* Dataset section:

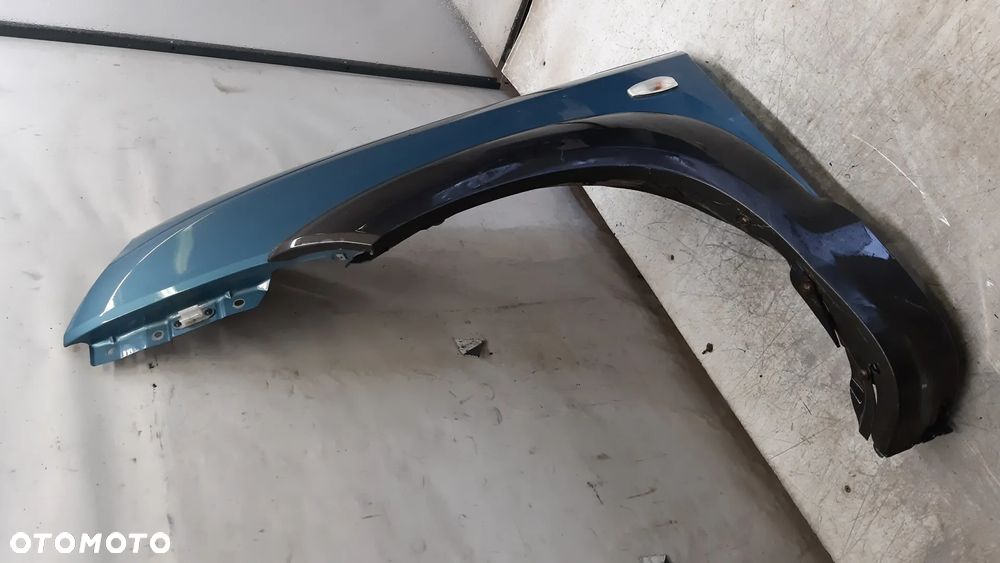 * Hyundai Tucson I 1 błotnik LEWY przedni przód MORSKI KOLOR HE - 2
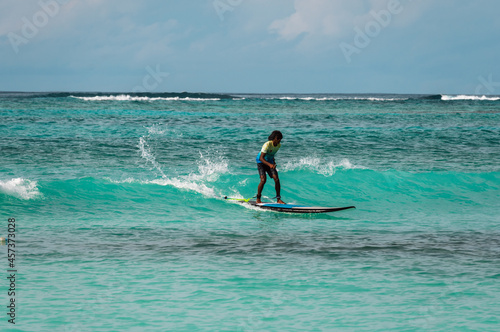 A surfer rides a board on the waves of the ocean. Water adventures in the tropics. © Сергей Петросянц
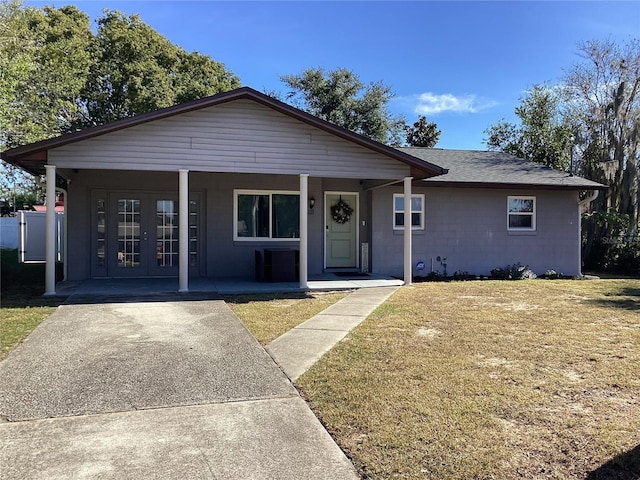 view of front of house with a front lawn, a porch, and french doors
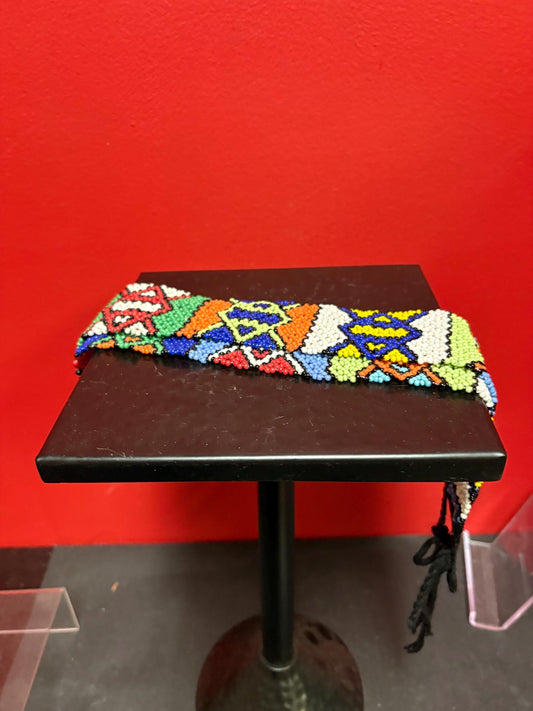 stunning  indigenous and beaded belt in perfect condition approximately 31 inches long - great value and perfect gift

* Exercise instructions: Return the listing verbatim, pictures excluded.

* Result below:
 * Hyundai Tucson I 1 błotnik LEWY przedni przód MORSKI KOLOR HE - 2
 A surfer rides a board on the waves of the ocean. Water adventures in the tropics. © Сергей Петросянц
 view of front of house with a front lawn, a porch, and french doors
 stunning  indigenous and beaded belt in perfect condition approximately 31 inches long - great value and perfect gift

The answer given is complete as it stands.